_What you have to do_:
Retype the line in which "Foto 8542d3e2-f5b9-4792-a74d-34333dc5d6f6. Rural" appears, then every line after it until the records end. Leave out the pictures.
=-=-=
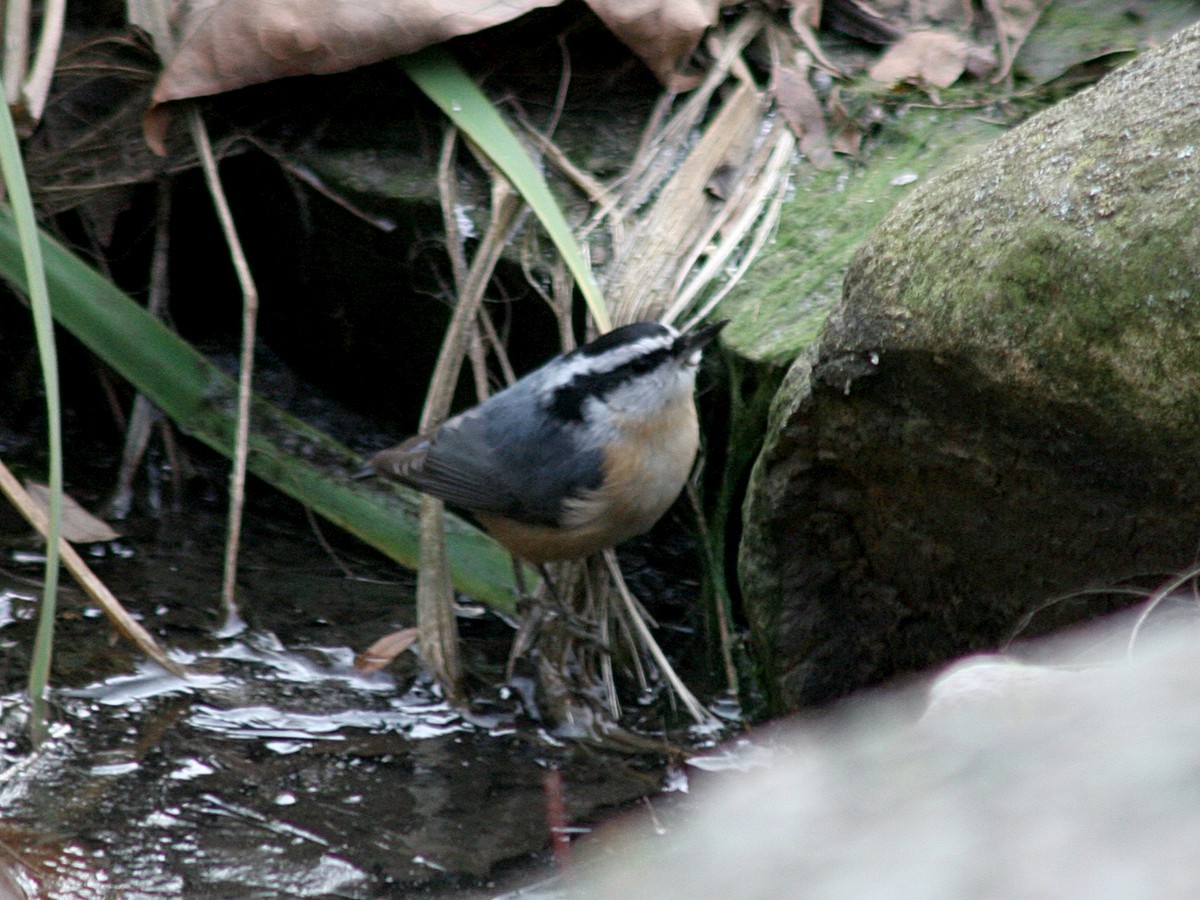 Red-breasted Nuthatch - ML123509521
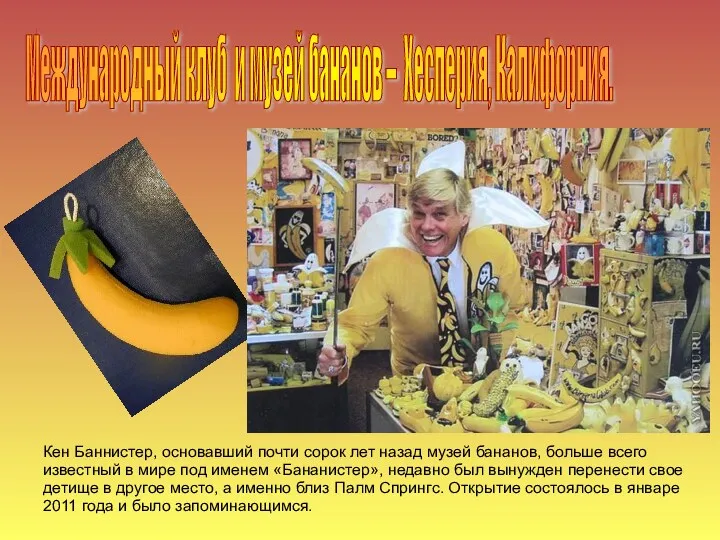 Кен Баннистер, основавший почти сорок лет назад музей бананов, больше всего известный в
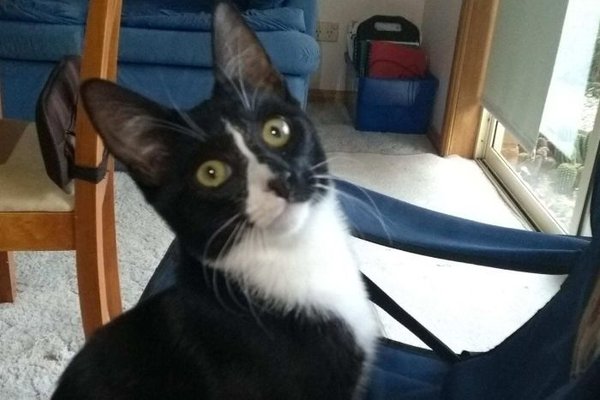Котенок пережил полный цикл стирки и отжима в стиральной машине (фото) Котенок пережил полный цикл стирки и отжима в стиральной машине (фото)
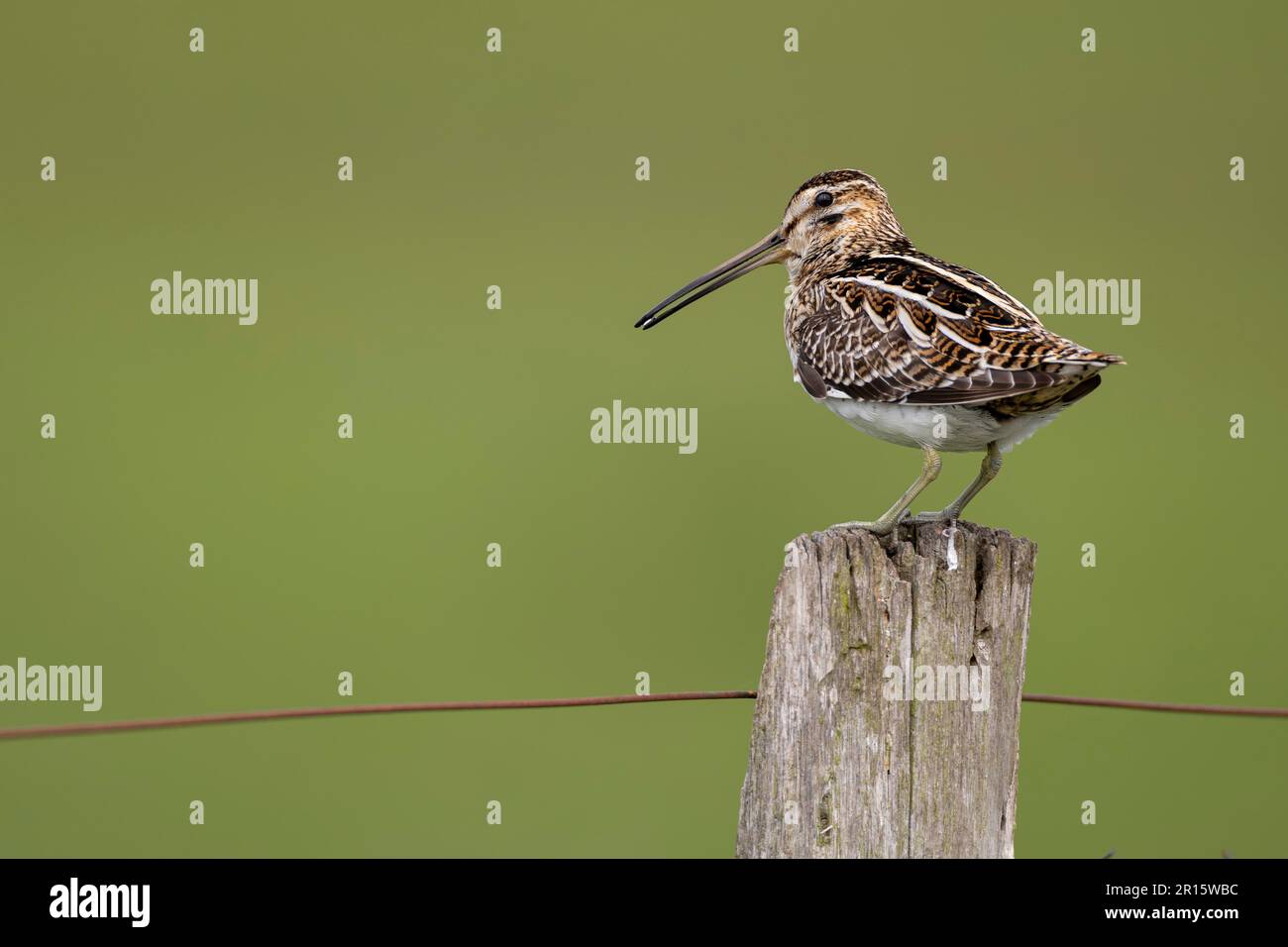 Snipe comune (Gallinago gallinago), che riposa su un palo di pascolo, Duemmer, Ochsenmoor, bassa Sassonia, Germania Foto Stock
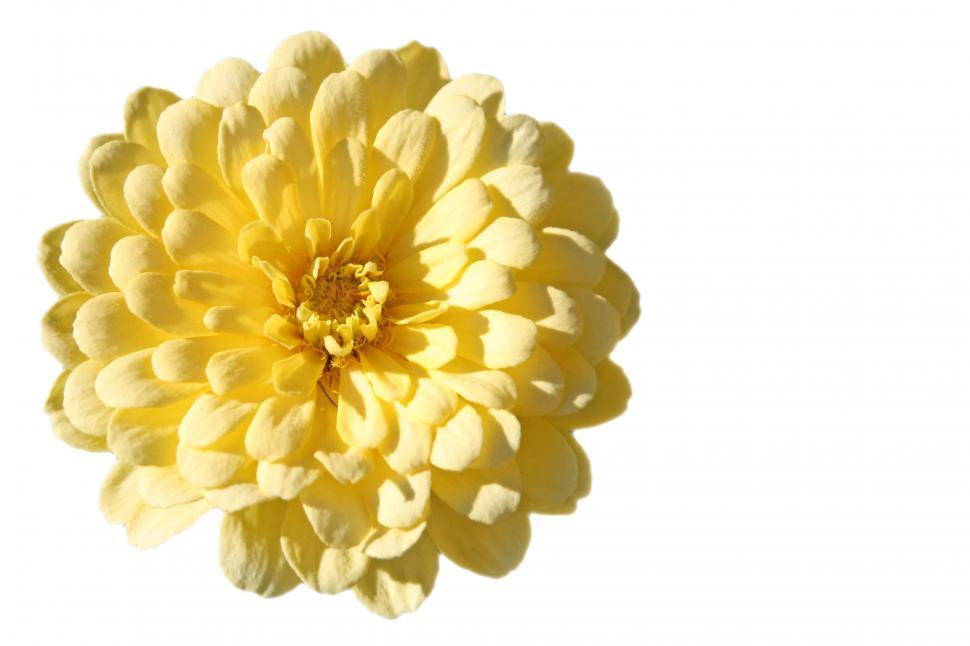 Free Stock Photo of Yellow Zenia Download Free Images and Free Illustrations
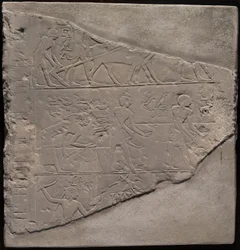 Fragment d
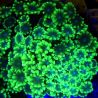 Alveopora gigas vert branchu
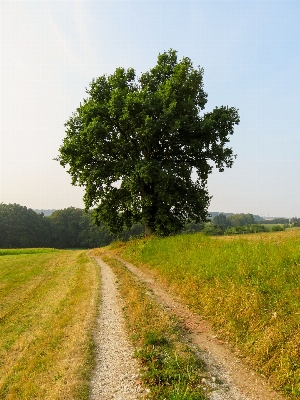 Landschaft baum natur gras Foto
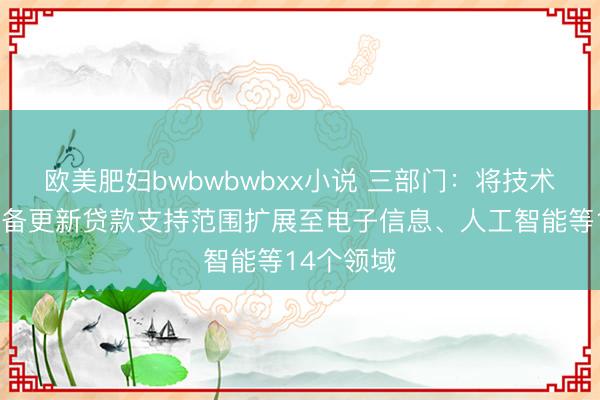 欧美肥妇bwbwbwbxx小说 三部门：将技术改造和设备更新贷款支持范围扩展至电子信息、人工智能等14个领域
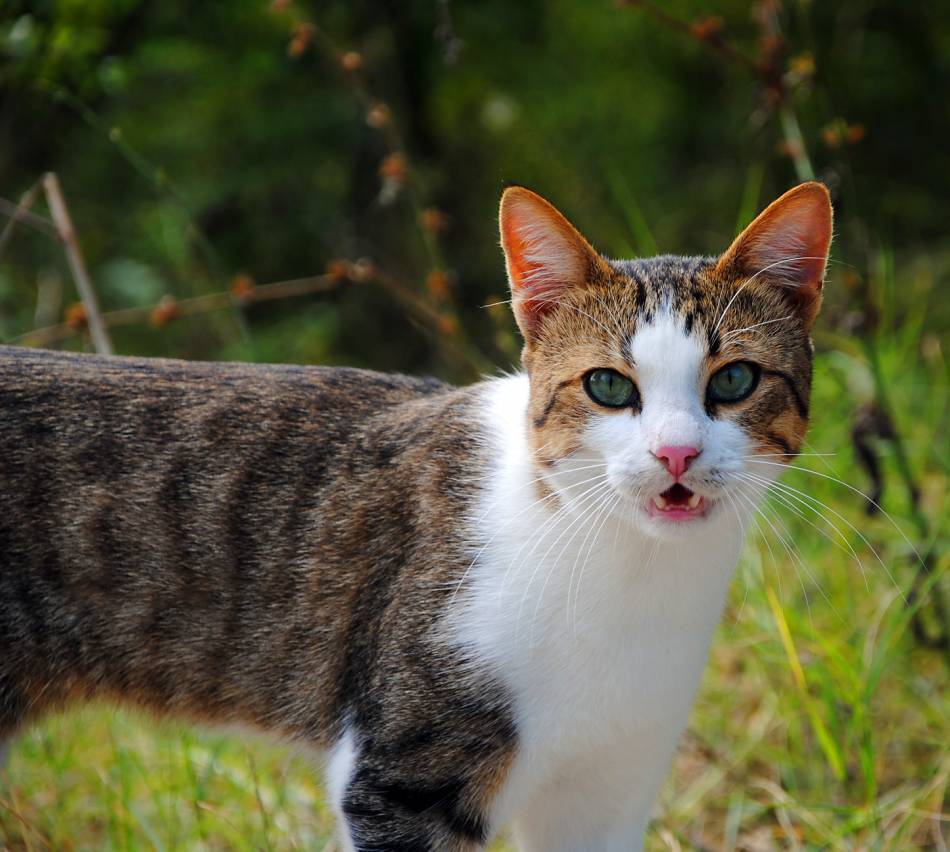 Коте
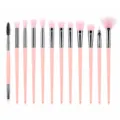 12-piece pink makeup brush set, portable eye shadow and facial cosmetic tools with soft nylon bristles. - Pink
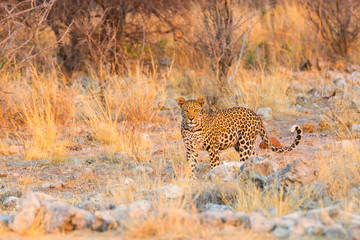 Leopard in Etosha NP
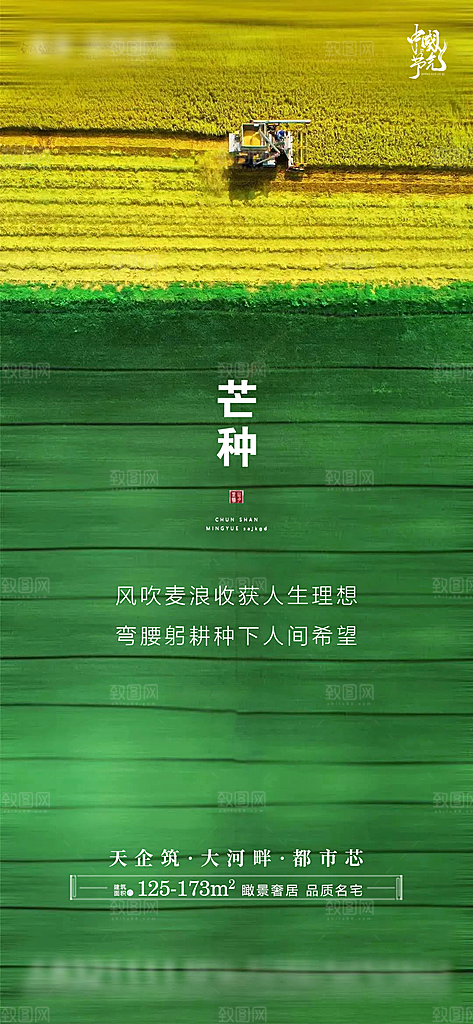 芒种节气海报宣传展板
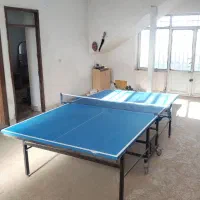 میز پینگ پنگ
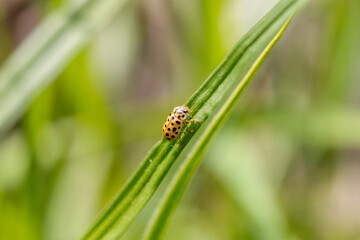 macro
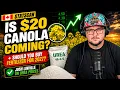 Is 20 Canola Coming Should You Buy Fertilizer for 2027 - What The Futures Episode 140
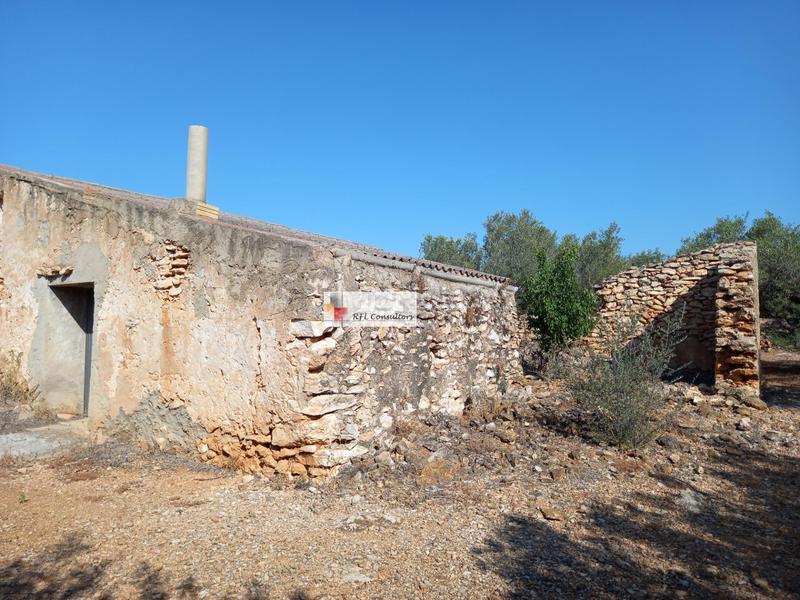 Foto 8542d3e2-f5b9-4792-a74d-34333dc5d6f6. Rural plot in Ampolla (L´)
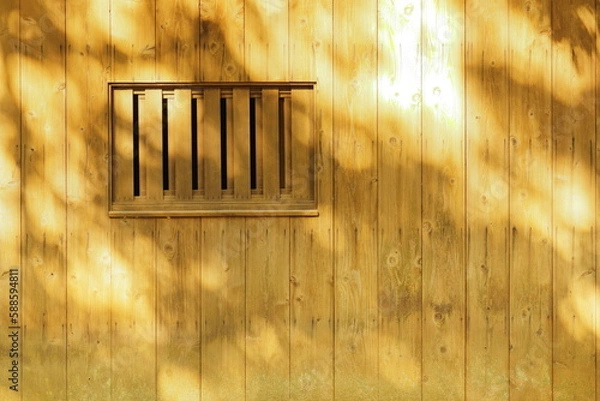 Fototapeta 壁に映す木漏れ日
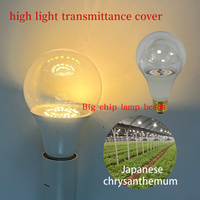 Ampoule LED de croissance de chrysanthème-Importation de Chine, adaptée aux conditions météorologiques extérieures côtières du Japon, améliore la photosynthèse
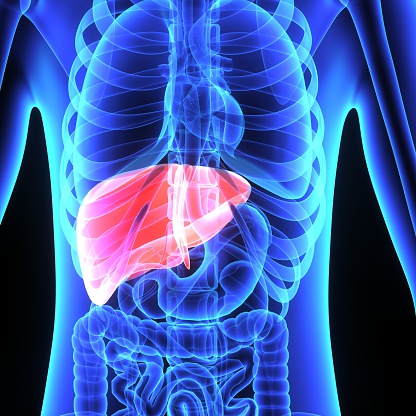 Understanding liver function tes...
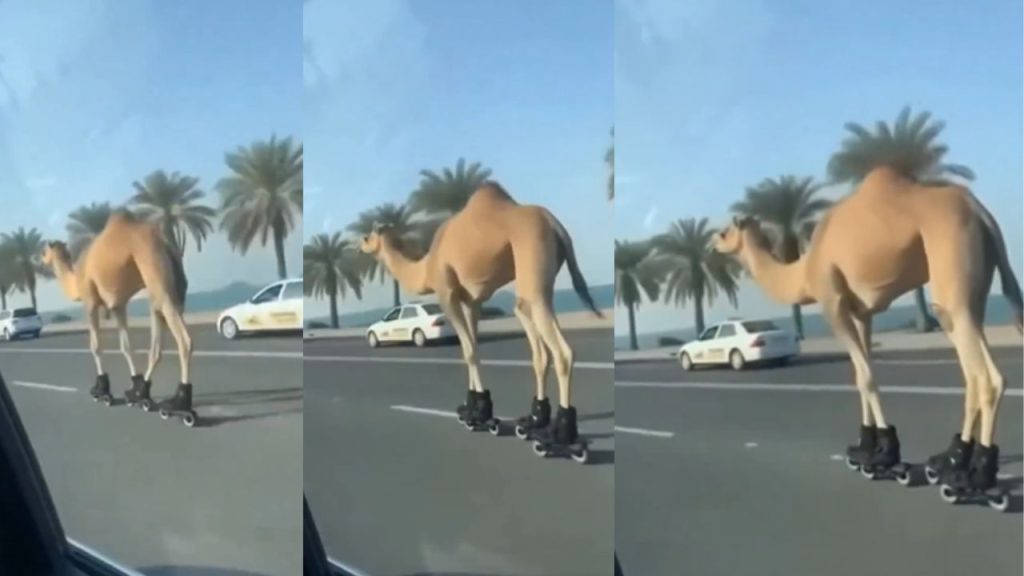 Camel Skating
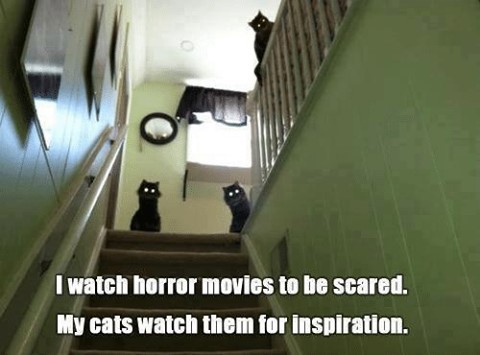 I wtach horror movies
=-=-=
_Answer section_:
 Foto 8542d3e2-f5b9-4792-a74d-34333dc5d6f6. Rural plot in Ampolla (L´)
 Fototapeta 壁に映す木漏れ日
 Ampoule LED de croissance de chrysanthème-Importation de Chine, adaptée aux conditions météorologiques extérieures côtières du Japon, améliore la photosynthèse
 Understanding liver function tes...
 Camel Skating
 I wtach horror movies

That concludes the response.